Dataset entries
--- START ---

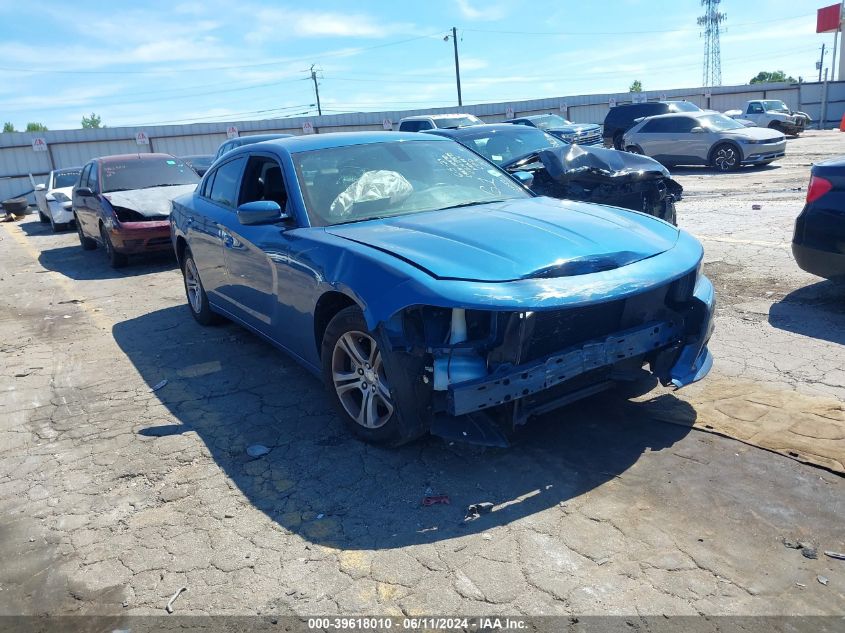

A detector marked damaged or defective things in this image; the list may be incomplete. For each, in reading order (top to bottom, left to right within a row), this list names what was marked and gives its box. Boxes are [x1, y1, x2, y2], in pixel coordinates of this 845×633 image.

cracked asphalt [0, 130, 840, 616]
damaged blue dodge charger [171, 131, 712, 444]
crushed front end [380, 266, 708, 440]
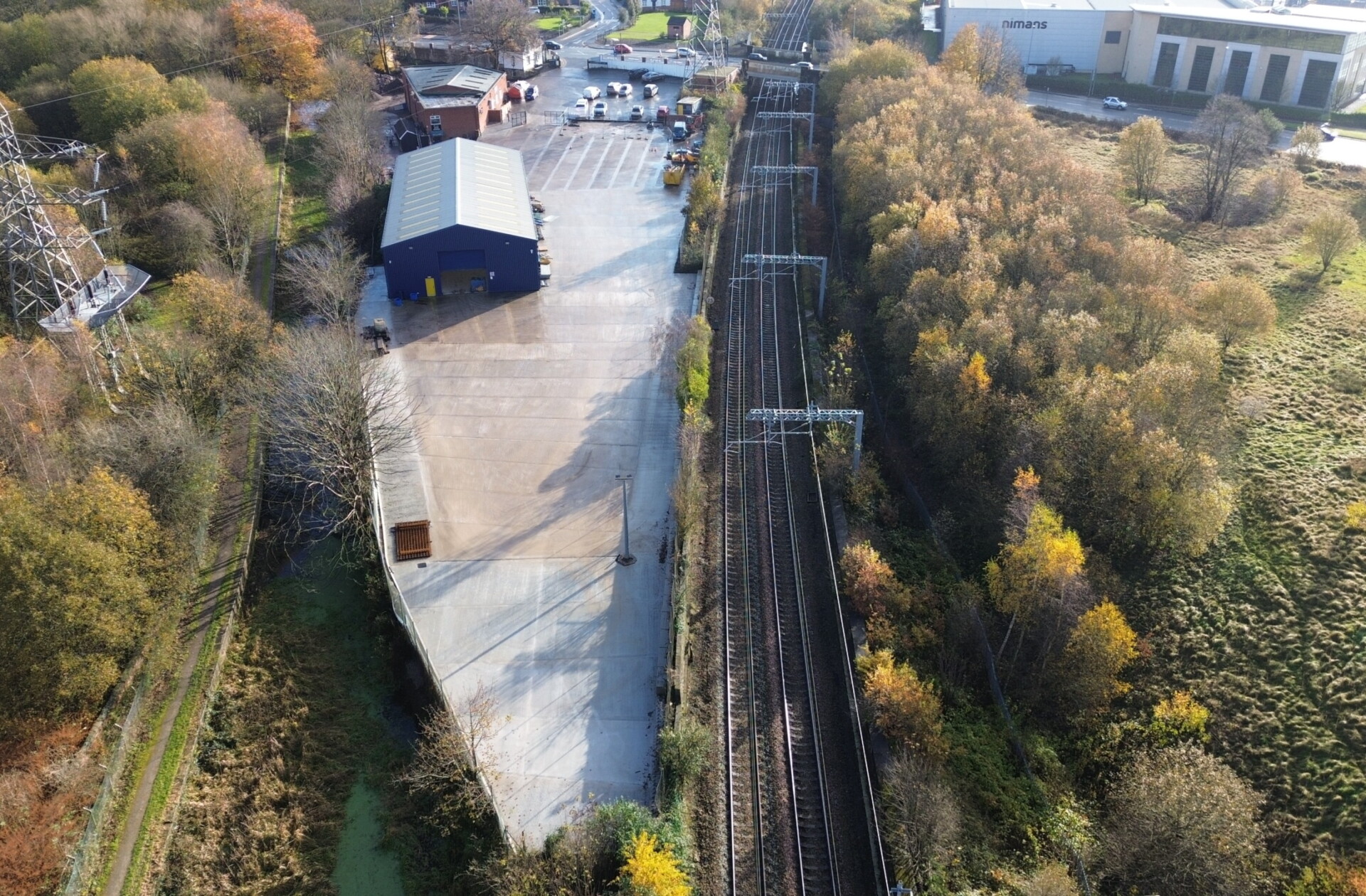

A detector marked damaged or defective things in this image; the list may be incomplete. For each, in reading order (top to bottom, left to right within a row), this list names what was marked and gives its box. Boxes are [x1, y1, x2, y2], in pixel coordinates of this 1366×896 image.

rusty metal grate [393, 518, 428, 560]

--- END ---

Please write out, exactly as they appear, only the lines from the one holding "this 1366×896 image." through the end of the data.

A detector marked damaged or defective things in this image; the list may be incomplete. For each, in reading order (top to bottom, left to right within a row), this list names what was marked and gives its box. Boxes are [x1, y1, x2, y2], in pixel coordinates of this 1366×896 image.

rusty metal grate [393, 518, 428, 560]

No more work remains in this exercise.